Esse é o cenário ideal da startup: O share da melhor empresa do setor, combinado com a melhor margem do setor e o melhor múltiplo de mercado.
Vamos assumir aqui os 50 bilhões de valuation terminal na hora do IPO e começar a segunda etapa do valuation: os descontos.
Como disse anteriormente, temos aqui um cenário um ideal, ou seja: se tudo der certo, um dia a startup vai chegar aos 50 bilhões de valuation.
Porém, esse dia está longe, assim, é imperativo que o investidor aplique uma taxa de desconto desse valor, ao longo do tempo que ele espera que leve para que a Startup atinja sua maturidade no mercado de capitais.
Uma conta de desconto simples já é um bom começo para isso.
Assumindo um custo de capital equivalente a uma NTN-B longa (Título do governo de baixo risco), ou mesmo, o próprio histórico do IBOV (investimento de maior risco), temos duas taxas de desconto básicas: 6,7% (NTN-B) ou 11% (IBOV).
A taxa de desconto é importante pois o poder de compra do dinheiro cai ao longo do tempo com a inflação, e desse modo o seu dinheiro vale menos no futuro do que hoje.
Lembre-se que ao realizar um investimento ao menos duas coisas devem ser levadas em conta: custo de capital e custo de oportunidade
Vamos chamar o desconto NTN-B de Caso A e o do IBOV de Caso B.
No Caso A temos: 50 / (1,067^N)
No Caso B temos: 50 / (1,110^N)
Sendo N o tempo que a Startup levará para atingir sua maturidade, vamos assumir aqui 10 anos a partir do seu investimento, dessa forma temos:
No Caso A temos: 50 / (1,067¹⁰) = 26,14B
No Caso B temos: 50 / (1,110¹⁰) = 17,6B
Ou seja, o valor terminal da Startup seria hoje algo entre 17,6 e 26,14 bilhões de reais.
Porém, novamente, esse é o cenário ideal, onde tudo dá certo e daqui 10 anos a empresa vai a mercado com esse valor.
Quando pensamos que mais de 90% das startups dão errado, chega a parecer uma piada de mau gosto fazermos valuations acreditando que tudo vai dar certo.
Porém, essa é a única forma de validar investimentos gigantescos por parte de VCs, que são em grande parte a fonte de fôlego para o empreendedorismo de risco no mundo.
Mais do que investir no negócio de hoje, eles investem no potencial de mercado daquele negócio no futuro, analisando não só o nicho de atuação atual, mas todo o setor de atuação.
Grandes VCs não compram o negócio de hoje, mas o seu potencial futuro, assumindo um grande risco ao fazer isso, em troca de um grande potencial de retorno.
Com base nisso, são então assumidas premissas para realizar o valuation daquele negócio que pode ou não se mostrar correto no futuro.

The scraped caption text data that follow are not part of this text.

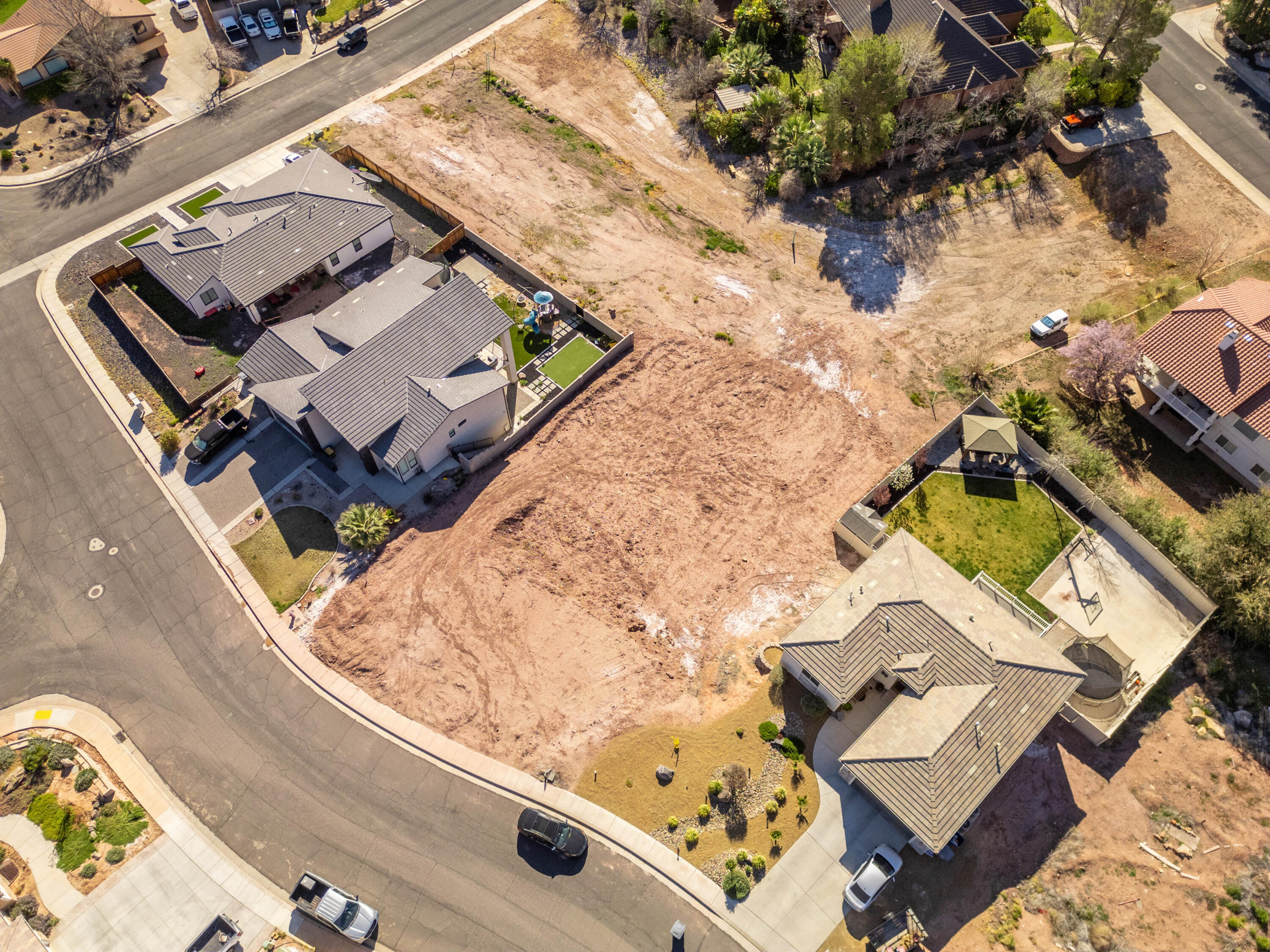 OVERLOOK AT GREEN VALLEY - Land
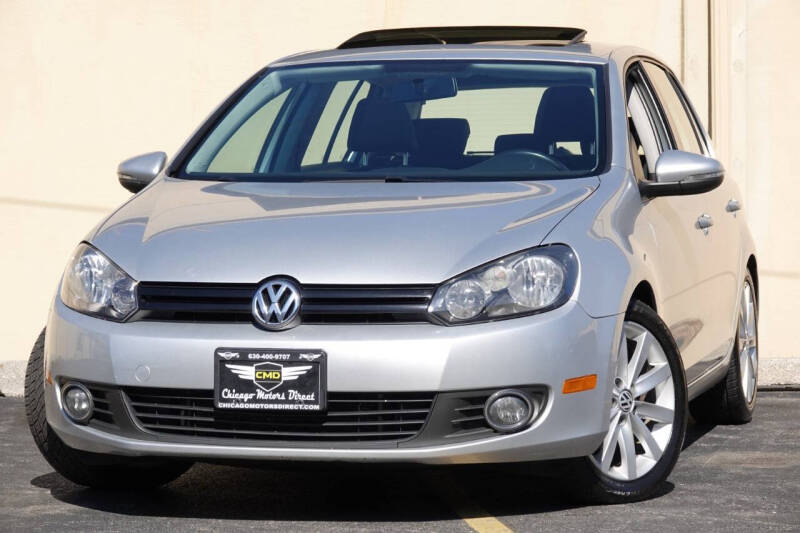 2011 Volkswagen Golf TDI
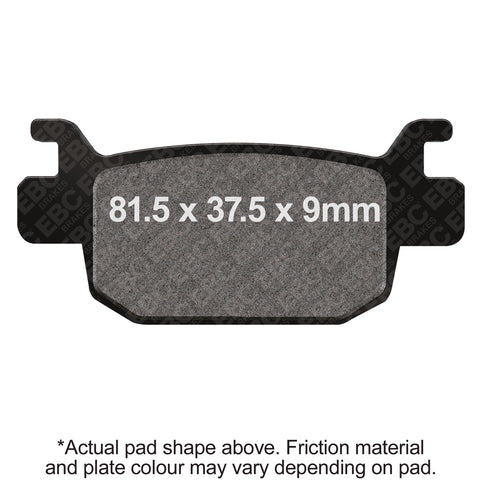 EBC - EBC Pad Set (FA698V)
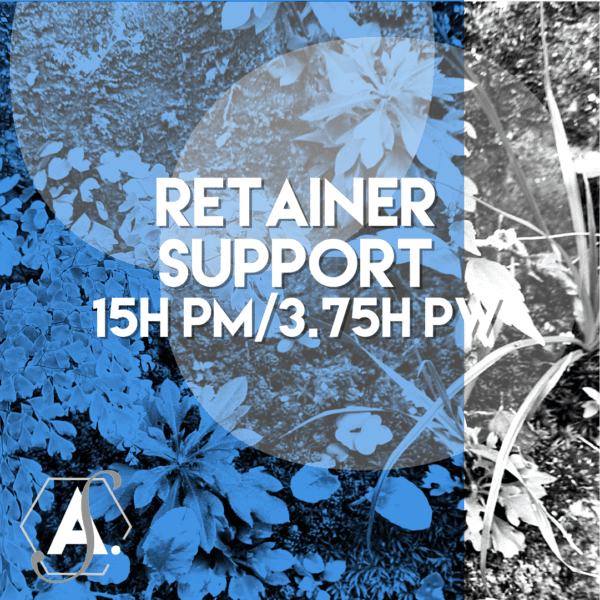 Retainer support - 15hours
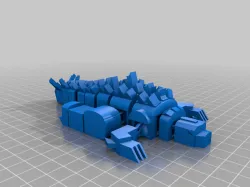 Articulating Godzilla V3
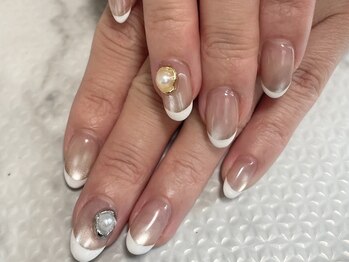 スイート ラグーン(Sweet Lagoon)/フレンチネイル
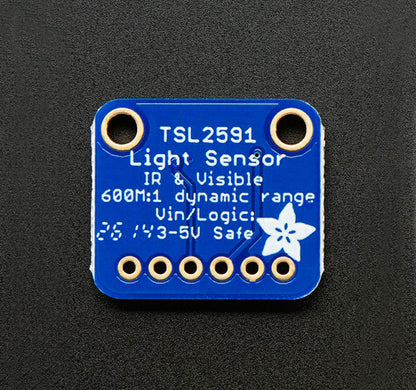 Adafruit TSL2591 High Dynamic Range Digital Light Sensor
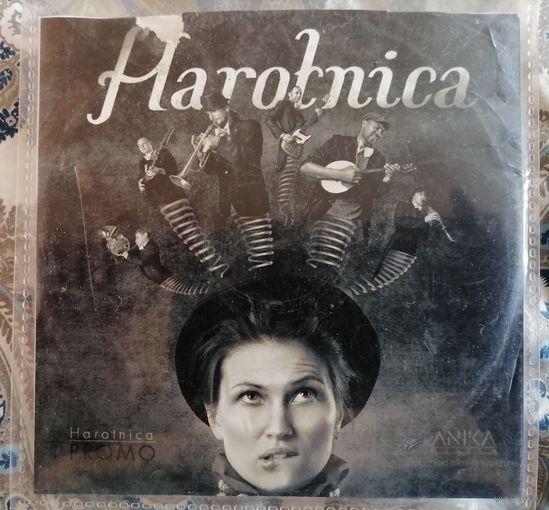 Harotnica - promo, CD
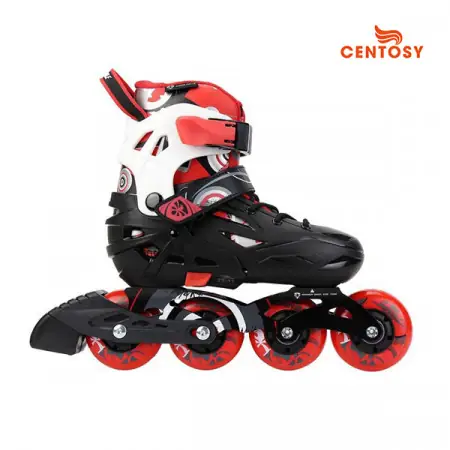 Giày Patin Trẻ Em Flying Eagle S5S 3 Màu Đen/ Hồng/ Xanh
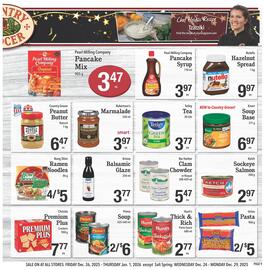 Country Grocer flyer week 52 Page 9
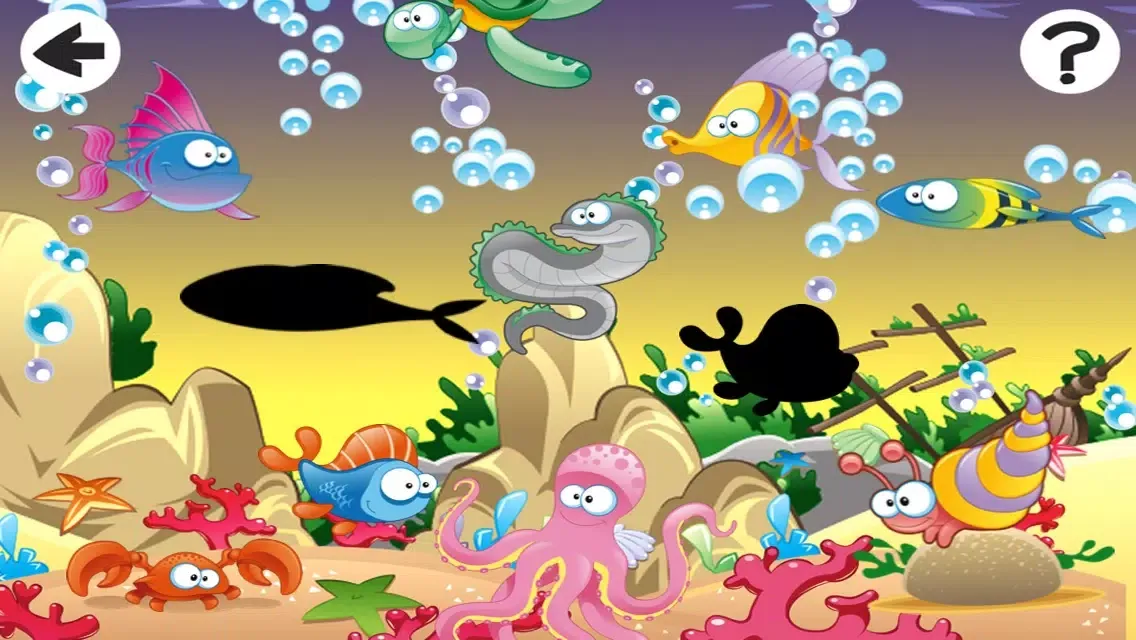 A Marine Sea Kid-s Game-s स्क्रीनशॉट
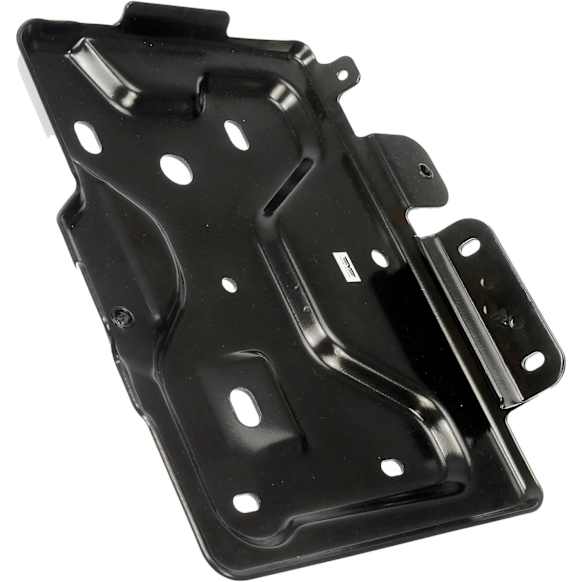 60328 Battery Tray - Black, Steel, Direct Fit, Sold Individually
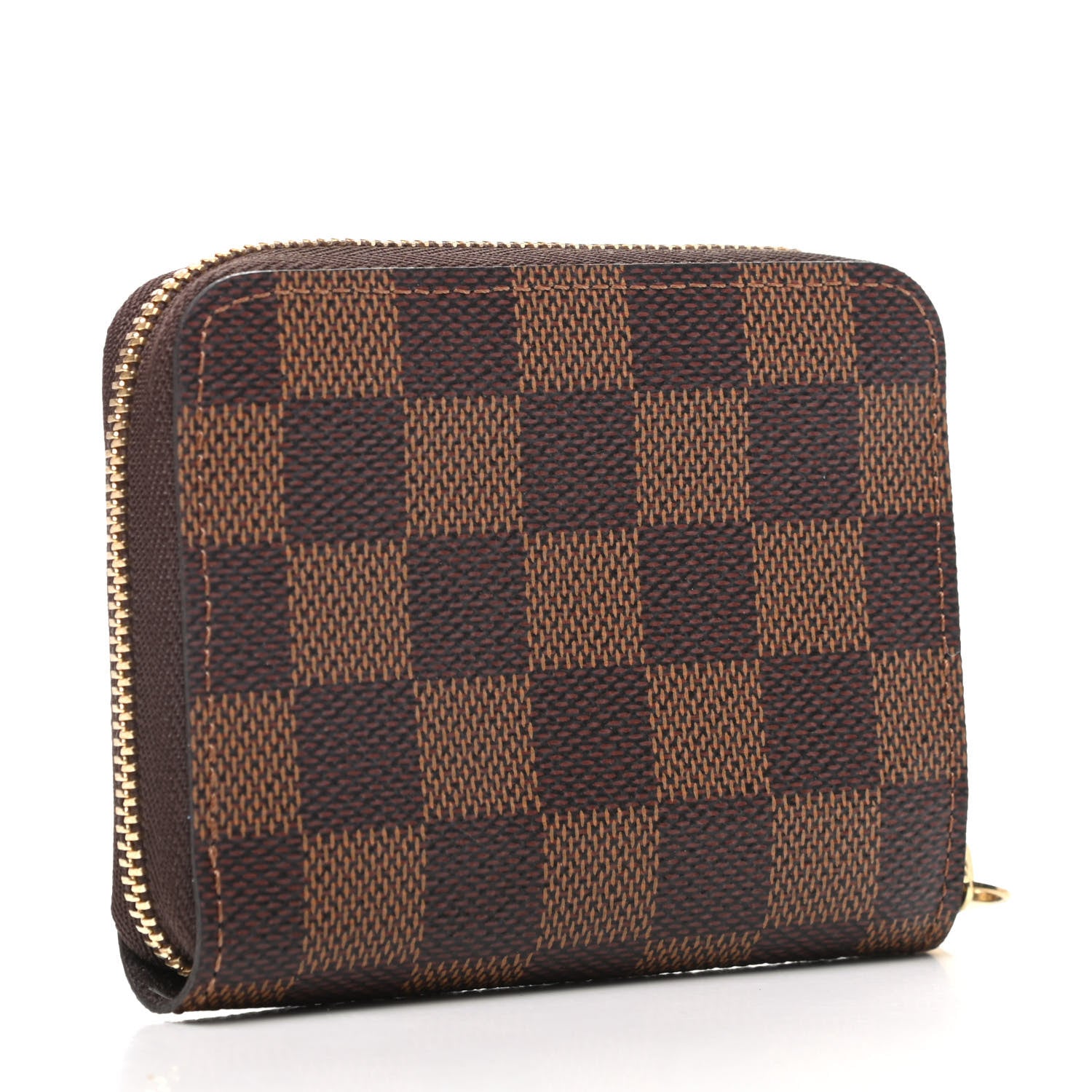Louis Vuitton Damier Ebene Zippy Coin Purse 3 of 8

Porém, seja você um investidor ou empreendedor, entender o racional por trás dos valuations quase inacreditáveis de unicórnios que não dão lucro, é importante para realizar o seu próprio valuation.
E mais do que isso, entender o que faz alguns negócios valerem mais do que outros, e assim, poder definir o que precisa ser feito para gerar valor naqueles negócios nos quais você está envolvido.